7.5.5. General arguments in derivations

In order to manage general arguments in our system of derivations, we need a further sort of scope line. The portion of a derivation that constitutes a general argument will be marked by a scope line that is flagged by the independent term on which we generalize (as shown in Figure 7.5.5-1).

│⋯
│ⓐ
││
││⋯
││
│⋯

Fig. 7.5.5-1. A veil of ignorance flagged by the independent term a.

This flagging declares that the term is independent. Indeed, we will require that a term flagging a scope line appear only to its right, so the scope line will mark the scope of the term’s use. In either form, the requirement is designed to insure that the independent term maintains no ties to the outside of the general argument so that, within the argument, it might refer to anything at all. For this reason, we will speak of a scope line flagged by a term as a veil of ignorance.

The limitation of the appearance of the independent term to the portion of the derivation marked by its scope line is more than is necessary to stay in accord with the laws for universals as conclusions. They require only that the term not appear in either the goal or the active resources of the gap that the vertical line spans, but we will never run short of terms and the stronger requirement is far easier to check.

Now, let us look at the planning rule for universal goals. It is known as Universal Generalization (UG) and is shown in 7.5.5-2.

│⋯
││⋯
││
││
││
││
│├─
││∀x … x …
│⋯
│⋯
││⋯
││
││
││├─
│││… a … n
│├─
n UG ││∀x … x …
│⋯

Fig. 7.5.5-2. Developing a derivation at stage n by planning for an unrestricted universal; the independent term a may be any unanalyzed term that is new to the derivation.

We try to reach our goal by a general argument, so we choose as our independent term an unanalyzed term a that is new to the derivation. An instance of ∀x …x… for the term a is the goal of the general argument, and further development of the gap lies on the other side of a veil of ignorance concerning that independent term.

The short derivation shown below illustrates this rule.

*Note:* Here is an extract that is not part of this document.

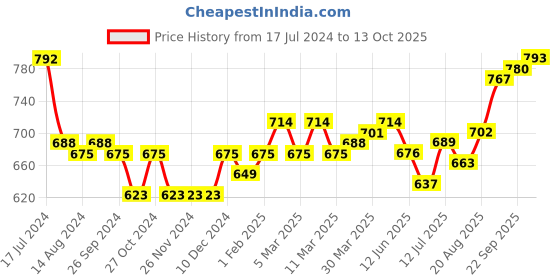 firstcry.com Pine Kids Buckled Bellies with Bow & Sequine Detailing - Red pine kids Price History Graph from 17 Jul 2024 to 13 Oct 2025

It shows that, if a relation R is universal in the sense of holding of any pair of things, then it is reflexive.

│∀x ∀y Rxy a:2
├─
│ⓐ
2 UI ││∀y Ray a:3
3 UI ││Raa (4)
││●
│├─
4 QED ││Raa 1
├─
1 UG │∀x Rxx

At the initial stage here, there is no vocabulary from which a term may be formed—and UI should be used to introduce new terms only as a last resort—so we apply the planning rule to the universal conclusion. After applying it, we have vocabulary for use with the exploitation rule, and we apply that rule twice for the term a. It would have been legitimate to exploit either universal resource for any other term τ as well, but that would not have contributed to closing the gap.

The following derivation illustrates the limitations on the scope of a term.

│∀x Rax c:2
│∀x ∀y (Rxy → ∀z Ryz) a:3
├─
│ⓒ
2 UI ││Rac (5)
3 UI ││∀y (Ray → ∀z Ryz) c:4
4 UI ││Rac → ∀z Rcz 5
5 MPP ││∀z Rcz b:6
6 UI ││Rcb (7)
││●
│├─
7 QED ││Rcb 1
├─
1 UG │∀x Rxb

The independent term used here could not have been either a or b since both appear beyond the scope line of the general argument, one in a premise and the other in the conclusion.

The derivation shown here minimizes the use of UI, and the particular choice of instances needed to do this might not be obvious. Once the first premise is instantiated for c, the next two instantiations are designed to set up the use of MPP at stage 5, but it is probably less obvious that c is the best choice for the initial instantiation. It is fine to experiment, and there is no need to back up if you do not make the best choice. A derivation is never damaged by extra uses of UI; and, when we go on to use derivations to show the failure of entailments involving generalizations in 7.7, we will require that, before a derivation can reach a dead end, any universal resource must be exploited for at least term from each alias set.